In figures released by Lloyds Bank, the average property price in UK cities is shown to have risen by seven percent over the past year, driving affordability down from 5.8 to 6.1 times gross annual earnings. This marks the second successive annual fall in affordability.
The Scottish city of Stirling is the UK’s most affordable location, with the average property price being £158,645. Meanwhile, due to the strong performance of its oil and gas sectors, Aberdeen has seen its house prices rapidly increase by 88 percent over the past decade – the biggest price gain of any UK city.
In the capital city, property prices have increased by 40 percent over the last five years thanks to strong interest from wealthy overseas buyers. An average property in Greater London is now 8.75 times average gross annual earnings.

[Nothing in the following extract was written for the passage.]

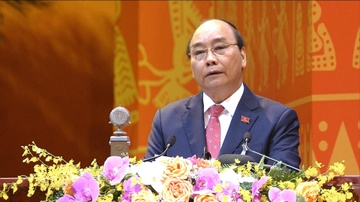 Nhung phat ngon an tuong cua Thu tuong ve kinh te 5 nam qua hinh anh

People looking to invest in property may want to look north, though. The vast majority of affordable houses are shown to be located in the North of England, Scotland and Northern Ireland. And perhaps the slowing of sales last year in cities such as Cambridge, Greater London and Oxford is proof that buyers are being put off by high house prices in the South. In contrast, cities such as Cardiff, Belfast, Leeds and Liverpool all saw a rise in house sales in 2014. However, stronger house sales are also an indication that property prices are poised to increase.
The results of Lloyds’ research show an almost clear cut divide between the North and South of the UK as far as house prices go, with the South taking 17 of the 20 slots for least affordable locations. Meanwhile, 19 of the 20 most affordable cities are in the North.